There are also a few "boutiques" that sell the best foods. As well as matching sweaters for you and your dog, earrings with dogs on them, very foo foo leashes, etc. Everything you never needed but would love to have for your pet. I tell my clients to leave their wallets in the car.

Pet Smarts sells no human grade food here and PetCo and Pet Supermarkets sell pets which is a big bo-no in my book!

Oh, wait we have feedstores in the outlying areas that sell a few of the good brands too. Oh, and the health food stores too.

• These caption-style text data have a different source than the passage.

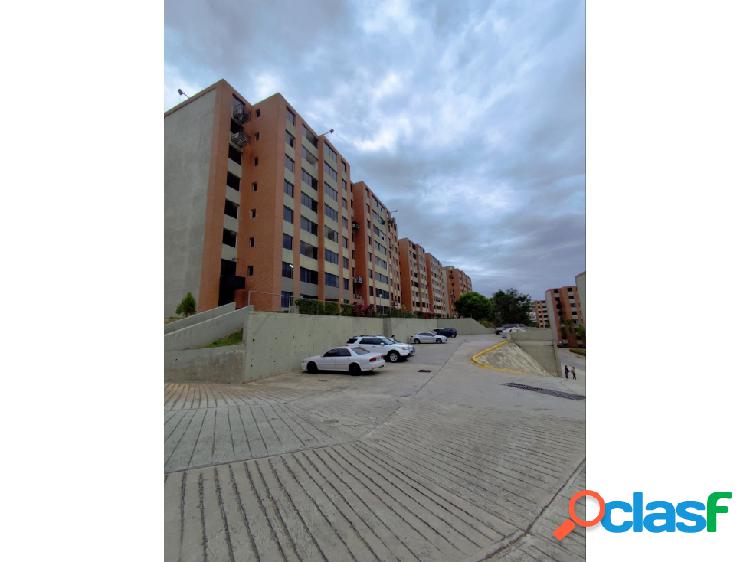 VENTA DE BELLO APARTAMENTO A ESTRENAR EN LOS NARANJOS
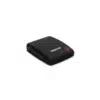 Módulo Bluetooth para el juego de ajedrez electrónico Chess Classics Exclusive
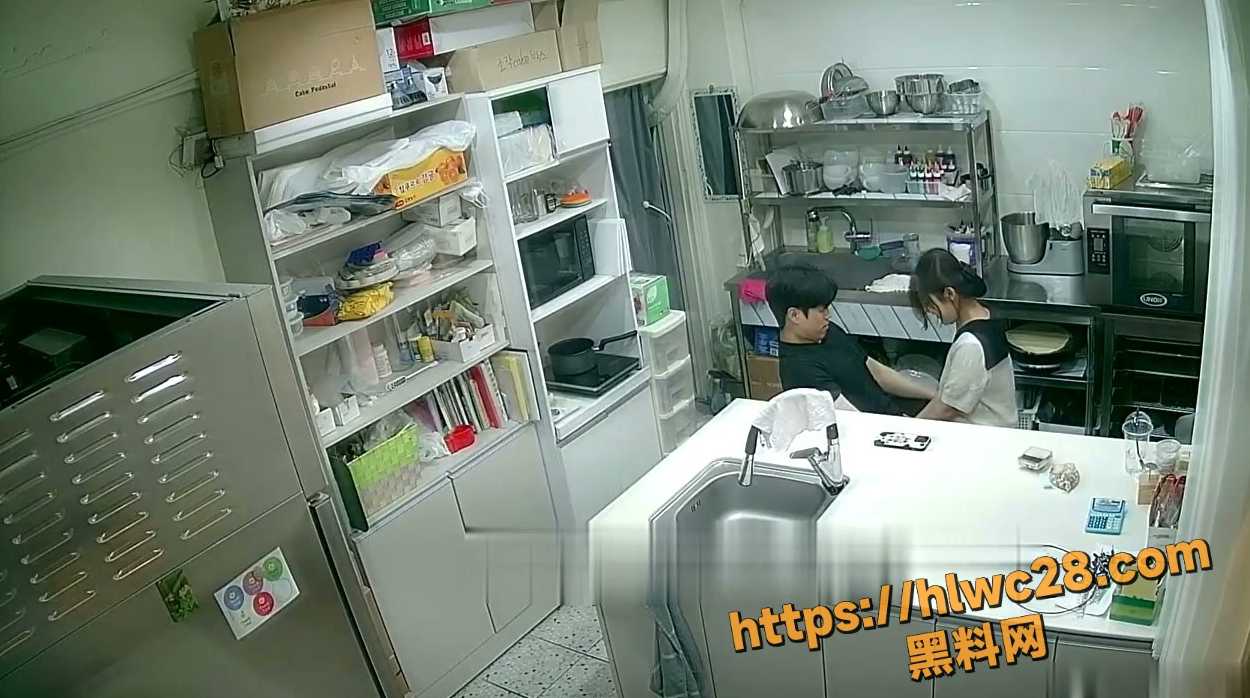 batch蛋糕店 2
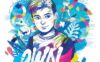 《Own It! It’s Your World Level 1》剑桥Own It! It’s Your World 第1级别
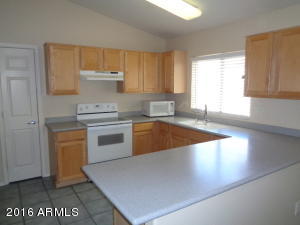 1334 Escuda Dr, Phoenix, AZ 85024 photo 5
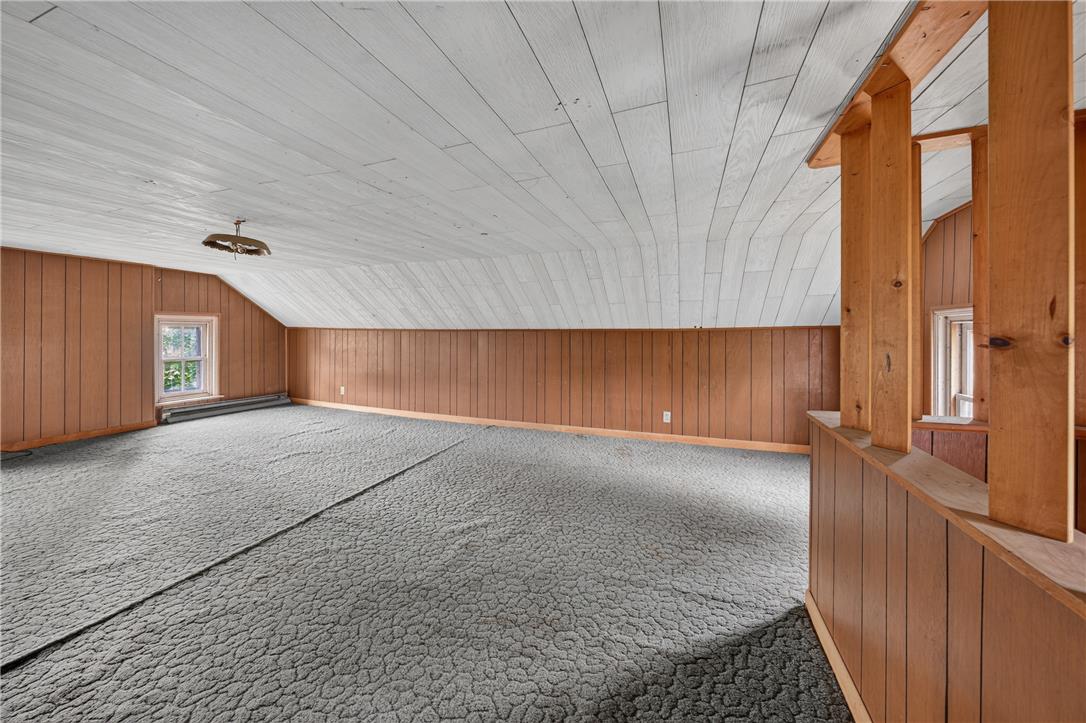 319 27th Street Property Photo 45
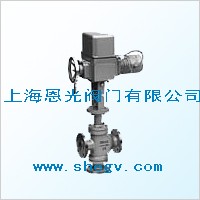 ZAZ(Q/X)늄���ͨ����(����)�{��(ji��)�y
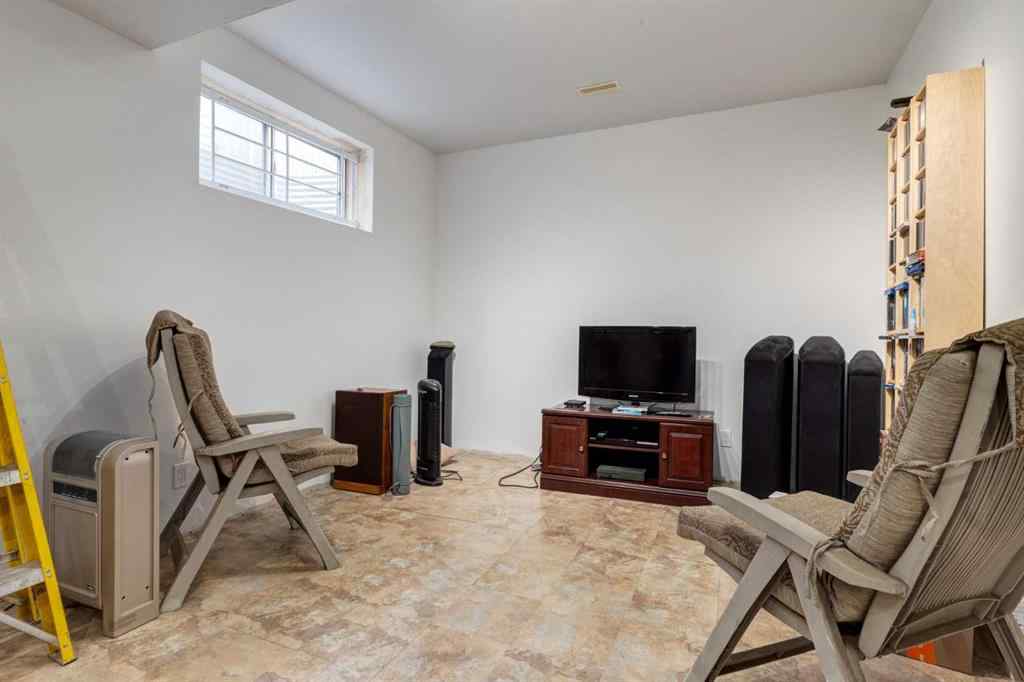 MLS&reg; # A2270598 - 216 Silverado Range Close SW in Silverado Calgary, Residential Open Houses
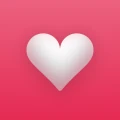 Love Counter – Time in Love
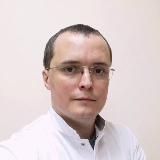 🟡 Невролог Гранатов ️в Казани | Официальный телеграм канал | #evgranatov | Рассеянный склероз | Неврология | Электромиография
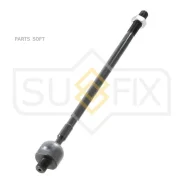 ������� ���� | ����� ����/��� | Sufix SD1246 SD1246 ����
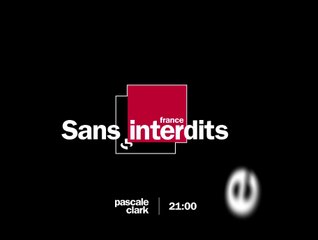 #InterVenez : la campagne de pub de France Inter (2014-2015)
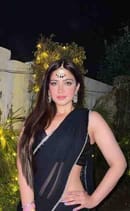 INDIA'S NO. 1 COMPANY🎗JOIN TODAY MALE ESCORTS JOB🎗GIGOLO CLUB🎗1OO% SAFE & SECURE🎗💯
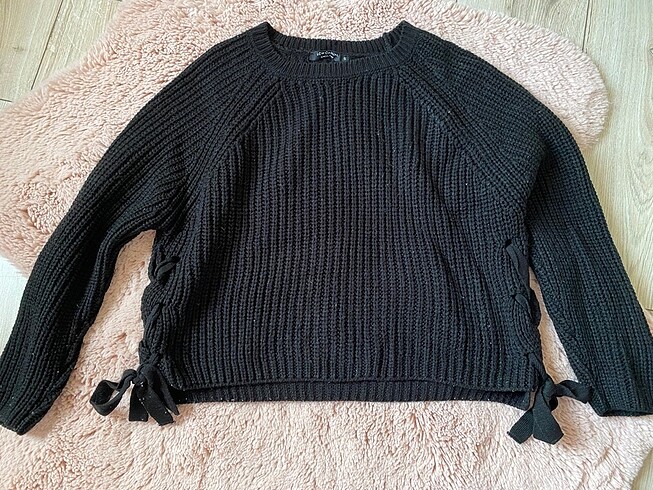 Lc Waikiki örgü kazak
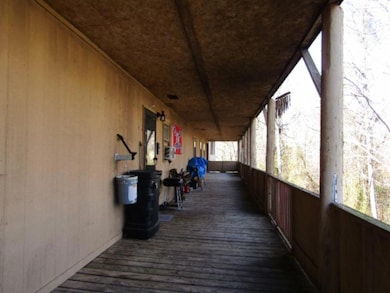 IMG_1540 - Copy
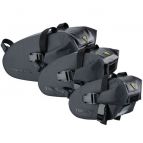 Fjällräven Hoja Seatbag Drybag - Fietstas online kopen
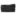 Bumper Impact Absorber Rear Right for Nissan Versa 2020–2024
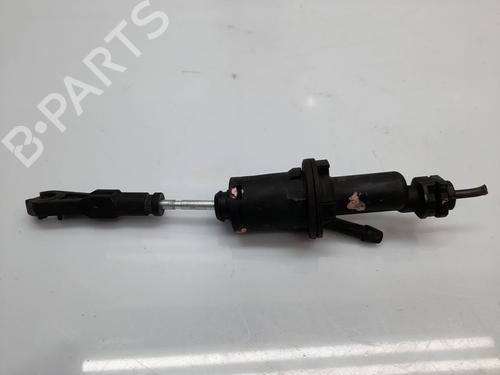 Used Clutch slave cylinder PEUGEOT 407 (6D_) 2.0 HDi 135 (6DRHRH, 6DRHRE, 6DRHRG, 6DRHRJ) (136 hp) 14046800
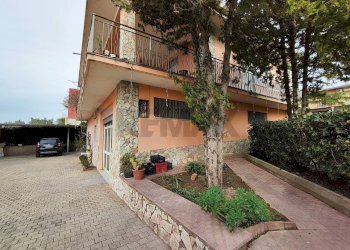 Casa all\'aperto - Villa VIA SALVO D'ACQUISTO
 
8, Caltagirone - foto 3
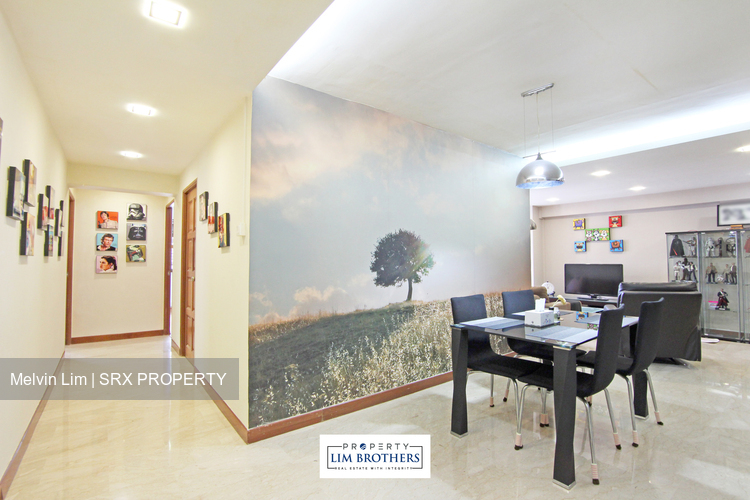 Blk 967 Hougang Avenue 9 (Hougang), HDB Executive #170765752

A lot of my clients feed Flint River Ranch. Partly because it is a good food and partly because they get you on a program and send you whatever quantity you need to your door each week. (So that would be laziness/convenience. LOL!)


----------



## Neon460 (Jul 1, 2008)

*Pet Food Depot*

Great little place in North Phoenix off of Carefree Hwy ... near 7th street I think. It's really affordable.


----------



## BoxerMommie (Jun 26, 2008)

zentrainer said:


> We have a small chain of 4 or 5 stores here - Nashville Pet Products that sell the best brands of food.
> 
> There are also a few "boutiques" that sell the best foods. As well as matching sweaters for you and your dog, earrings with dogs on them, very foo foo leashes, etc. Everything you never needed but would love to have for your pet. I tell my clients to leave their wallets in the car.
> 
> ...



PetCo doesn't sell pets, they have an adoption center and they allow adoption groups to use their facilities to ADOPT out pets. All pets at PetCo locations are the property of non profit rescue groups just an FYI.


----------



## mastifflover2 (Jul 1, 2008)

Ive been buying my Eagle Pack Holistic at a local feed store, but now that I am changing foods I purchased Pinnacle at our local trainer, Ringers.


----------



## carnivorediet (Jul 1, 2008)

BoxerMommie said:


> PetCo doesn't sell pets, they have an adoption center and they allow adoption groups to use their facilities to ADOPT out pets. All pets at PetCo locations are the property of non profit rescue groups just an FYI.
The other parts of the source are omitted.